Given data
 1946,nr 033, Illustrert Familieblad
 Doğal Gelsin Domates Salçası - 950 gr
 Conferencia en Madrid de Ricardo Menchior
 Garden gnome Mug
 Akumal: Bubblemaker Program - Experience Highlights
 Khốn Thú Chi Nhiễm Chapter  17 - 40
---
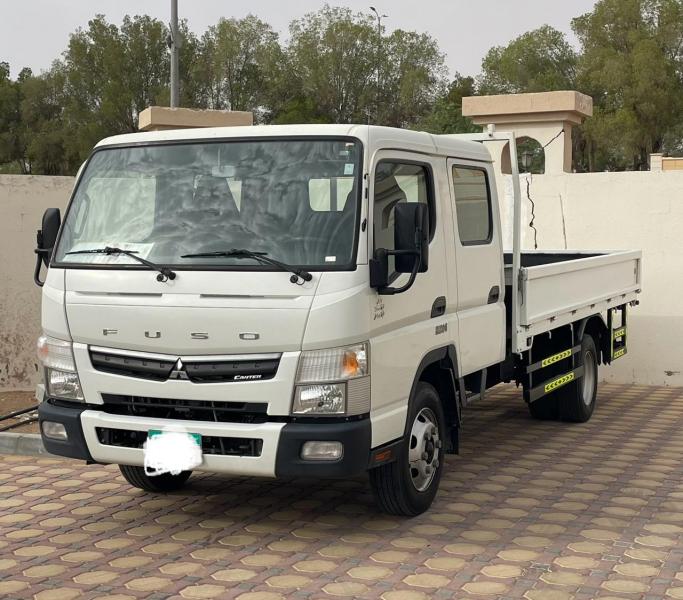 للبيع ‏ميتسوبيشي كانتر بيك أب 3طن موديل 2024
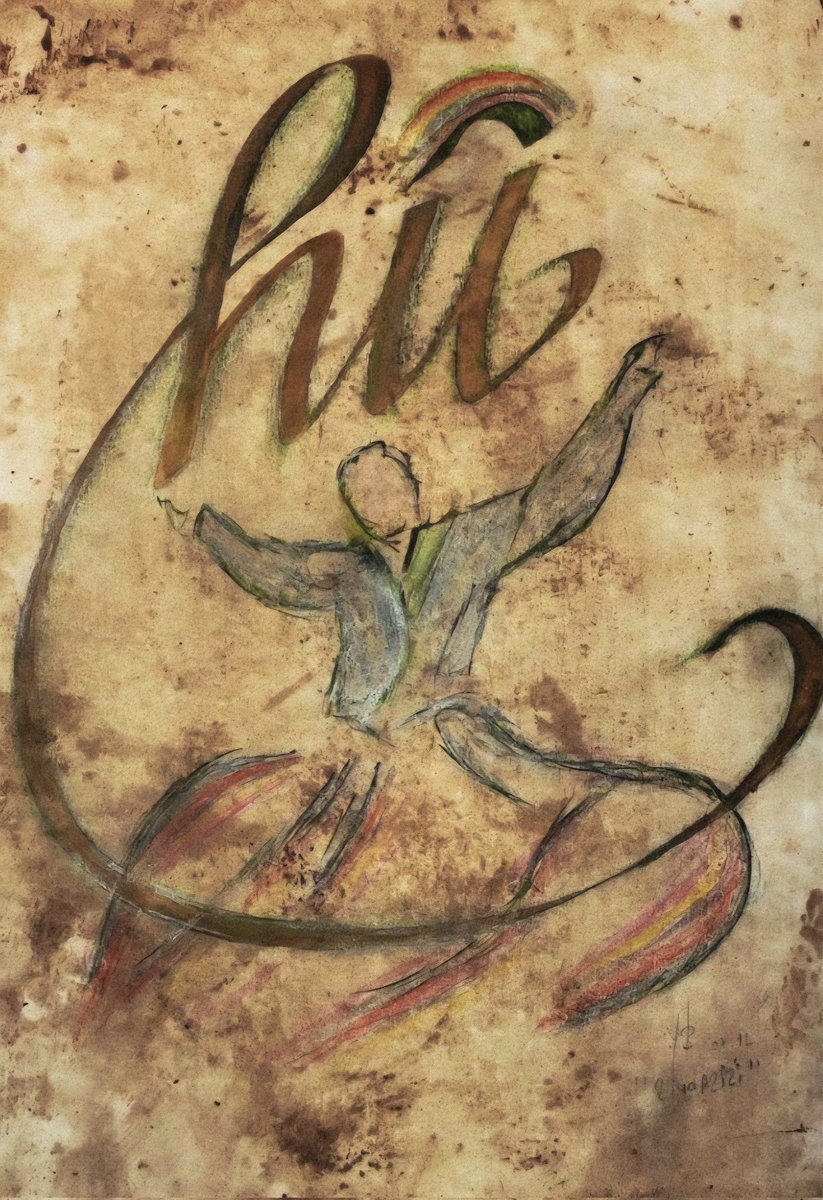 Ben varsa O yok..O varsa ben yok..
--
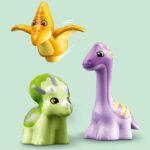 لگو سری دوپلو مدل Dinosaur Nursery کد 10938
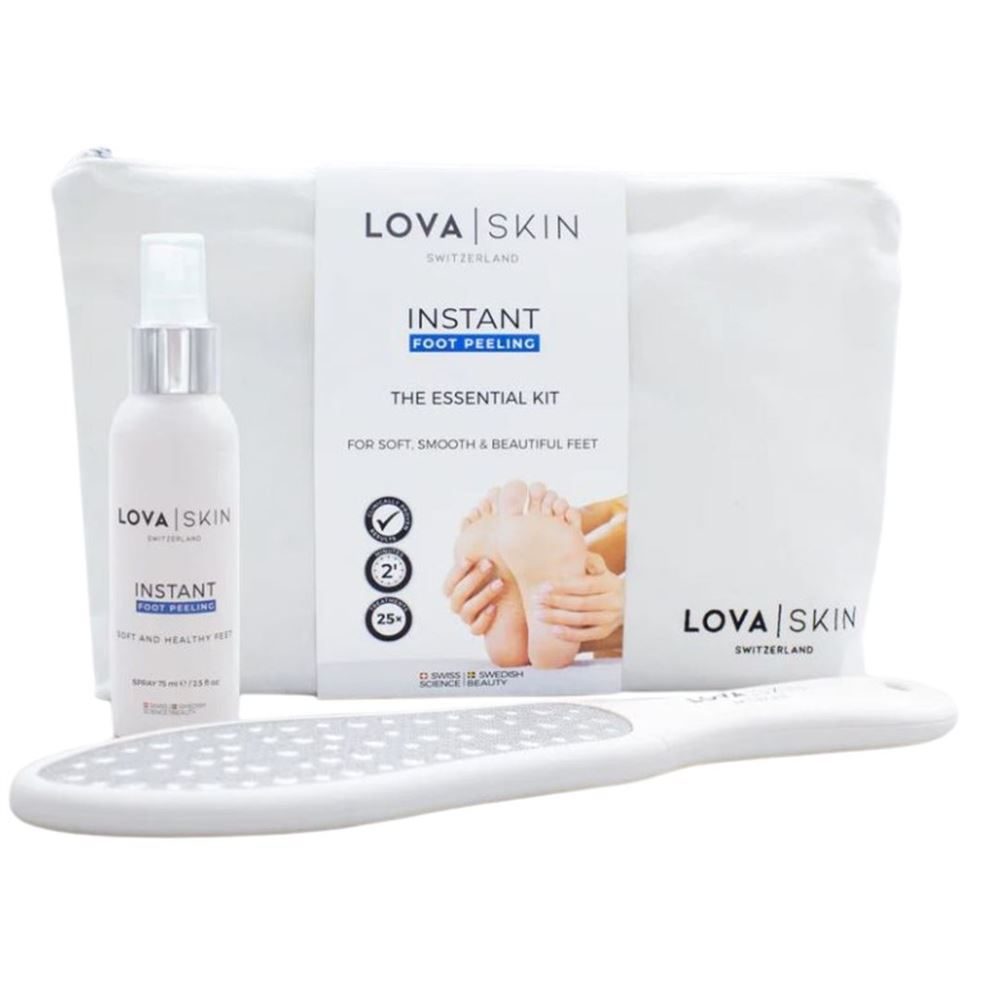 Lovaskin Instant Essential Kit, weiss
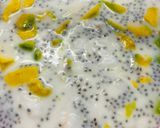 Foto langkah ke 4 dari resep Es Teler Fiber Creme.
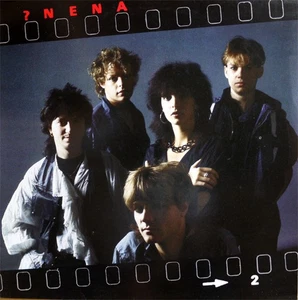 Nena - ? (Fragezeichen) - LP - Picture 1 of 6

Brief
Take the entries above and return only the lines from the one with "Akumal: Bubblemaker Program" to the one with "Khốn Thú Chi", both included, unchanged.

Result of this exercise
 Akumal: Bubblemaker Program - Experience Highlights
 Khốn Thú Chi Nhiễm Chapter  17 - 40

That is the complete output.